Le nuove regole dell’engagement per i manager

  • La complessità della disruption di oggi richiede alla C-suite di trasformare l’azienda, ma anche sé stessi.
  • Si possono cogliere grandi opportunità collaborando con un gruppo di dipendenti e consumatori influenti definiti “Esploratori”, guidati dai propri valori, che apprezza una leadership bilanciata tra capacità analitiche e creativo-relazionali.
  • Colmare il divario di competenze e comportamenti rispetto alle aspettative degli Esploratori può portare la leadership al successo.
  • Adottare uno stile di leadership che bilancia emisfero destro e sinistro del cervello ha portato ad una crescita media dei ricavi del 22% e dei profitti del 34%.
  • Tre sono i fattori che contribuiranno ad accelerare l’adozione di una leadership bilanciata.


Avvertire la pressione

L’innovazione sempre più veloce e le aspettative dei consumatori sempre più evolute spingono a forti cambiamenti in tutti i settori industriali. Queste forze dirompenti si abbinano alla necessità di un approccio “human-centered” che aiuti i dipendenti a sfruttare appieno il proprio potenziale.

La nostra nuova ricerca si è concentrata sui modi in cui la C-suite deve rispondere. In gioco c'è la capacità di mantenere una leadership rilevante e credibile a beneficio del singolo e dell’intero team.

I leader sono ora più che mai sotto pressione: devono rispondere in modo audace, nuovo e diverso per fare crescere le loro aziende in questo momento di disruption.

I manager che adottano e promuovono un approccio di leadership bilanciato raggiungono risultati finanziari migliori.

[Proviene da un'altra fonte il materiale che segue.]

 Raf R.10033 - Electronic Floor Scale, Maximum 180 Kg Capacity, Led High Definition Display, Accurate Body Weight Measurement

Una nuova ondata di disruption

La C-suite è sempre più sotto pressione.

L'90%

dei leader afferma che la disruption generata dalle nuove tecnologie sta diventando sempre più intensa.

Il 70%

ha sperimentato un impatto sempre più forte delle aspettative evolute dei clienti negli ultimi 3 anni.

Il 80%

deve affrontare un numero crescente di nuovi entranti nel proprio mercato.

Il 77%

dichiara che gli investitori sono il gruppo di stakeholder più esigente.

Il 47%

invece pensa che siano i dipendenti ad essere i più esigenti.

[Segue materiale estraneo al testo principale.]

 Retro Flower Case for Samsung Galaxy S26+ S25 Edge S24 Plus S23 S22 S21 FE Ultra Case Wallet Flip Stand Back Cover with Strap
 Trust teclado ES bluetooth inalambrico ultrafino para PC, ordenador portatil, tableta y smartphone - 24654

Accogliere gli agenti positivi del cambiamento

La nostra ricerca mostra che ci sono tre gruppi di dipendenti e consumatori che i leader aziendali devono adeguatamente gestire: gli "Agitatori", gli "Esclusi" e gli "Indifferenti". Poi abbiamo gli "Esploratori", un nuovo gruppo da tenere in considerazione sia per caratteristiche che per influenza.

Gli “Esploratori” sono caratterizzati da forte auto-determinazione e motivazione, nonché dalla convinzione di avere il potenziale per influenzare le decisioni dei propri dei datori di lavoro o dei brand che acquistano. Invece di essere considerato un'ulteriore forza destabilizzante, questo "supergruppo" di dipendenti e clienti può essere accettato come un agente positivo di cambiamento. Gli “Esploratori” costituiscono un terzo degli oltre 11.000 dipendenti e consumatori che abbiamo intervistato a livello globale.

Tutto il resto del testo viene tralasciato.